**Exercise brief:**
Repeat only the lines below from the one containing "Presentación del proyecto" through the one containing "Used-2016-Winnebago-Ellipse-Itasca-42QD-Jackson-MS", inclusive, exactly as written.

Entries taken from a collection

--------------------------------------------------

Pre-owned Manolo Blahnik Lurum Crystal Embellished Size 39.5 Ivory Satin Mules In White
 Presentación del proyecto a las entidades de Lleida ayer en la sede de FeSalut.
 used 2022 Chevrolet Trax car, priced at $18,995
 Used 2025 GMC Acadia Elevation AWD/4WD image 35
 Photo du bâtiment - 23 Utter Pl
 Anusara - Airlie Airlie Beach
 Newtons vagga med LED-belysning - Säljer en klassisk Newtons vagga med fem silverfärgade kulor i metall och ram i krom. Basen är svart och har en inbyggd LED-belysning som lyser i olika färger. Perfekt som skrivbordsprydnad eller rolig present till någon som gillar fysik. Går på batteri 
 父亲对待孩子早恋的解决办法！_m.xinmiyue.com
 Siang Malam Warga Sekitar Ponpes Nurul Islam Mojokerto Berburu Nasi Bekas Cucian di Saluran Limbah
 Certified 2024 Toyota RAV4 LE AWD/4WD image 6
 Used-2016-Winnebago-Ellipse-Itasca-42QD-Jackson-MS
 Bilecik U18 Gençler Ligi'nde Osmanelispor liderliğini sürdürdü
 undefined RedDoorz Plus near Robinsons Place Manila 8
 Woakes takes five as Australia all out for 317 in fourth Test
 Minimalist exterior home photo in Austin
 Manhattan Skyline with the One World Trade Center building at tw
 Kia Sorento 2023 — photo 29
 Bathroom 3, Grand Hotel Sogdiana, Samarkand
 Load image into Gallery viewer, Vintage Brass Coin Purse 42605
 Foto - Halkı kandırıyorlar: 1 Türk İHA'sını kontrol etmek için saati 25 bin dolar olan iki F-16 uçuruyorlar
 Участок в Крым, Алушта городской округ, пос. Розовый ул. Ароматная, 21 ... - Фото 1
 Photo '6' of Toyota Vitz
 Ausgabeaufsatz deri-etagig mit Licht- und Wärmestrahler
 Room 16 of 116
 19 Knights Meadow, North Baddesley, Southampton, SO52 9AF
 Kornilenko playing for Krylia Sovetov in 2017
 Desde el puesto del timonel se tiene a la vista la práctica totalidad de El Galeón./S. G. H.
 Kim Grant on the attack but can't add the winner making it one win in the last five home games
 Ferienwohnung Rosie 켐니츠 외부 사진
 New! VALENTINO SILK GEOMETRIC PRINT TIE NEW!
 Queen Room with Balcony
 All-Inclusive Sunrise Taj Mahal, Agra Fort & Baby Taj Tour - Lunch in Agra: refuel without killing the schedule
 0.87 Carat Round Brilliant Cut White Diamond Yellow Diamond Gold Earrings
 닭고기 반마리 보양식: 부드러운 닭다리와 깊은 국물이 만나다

--------------------------------------------------

**Written solution:**
 Presentación del proyecto a las entidades de Lleida ayer en la sede de FeSalut.
 used 2022 Chevrolet Trax car, priced at $18,995
 Used 2025 GMC Acadia Elevation AWD/4WD image 35
 Photo du bâtiment - 23 Utter Pl
 Anusara - Airlie Airlie Beach
 Newtons vagga med LED-belysning - Säljer en klassisk Newtons vagga med fem silverfärgade kulor i metall och ram i krom. Basen är svart och har en inbyggd LED-belysning som lyser i olika färger. Perfekt som skrivbordsprydnad eller rolig present till någon som gillar fysik. Går på batteri 
 父亲对待孩子早恋的解决办法！_m.xinmiyue.com
 Siang Malam Warga Sekitar Ponpes Nurul Islam Mojokerto Berburu Nasi Bekas Cucian di Saluran Limbah
 Certified 2024 Toyota RAV4 LE AWD/4WD image 6
 Used-2016-Winnebago-Ellipse-Itasca-42QD-Jackson-MS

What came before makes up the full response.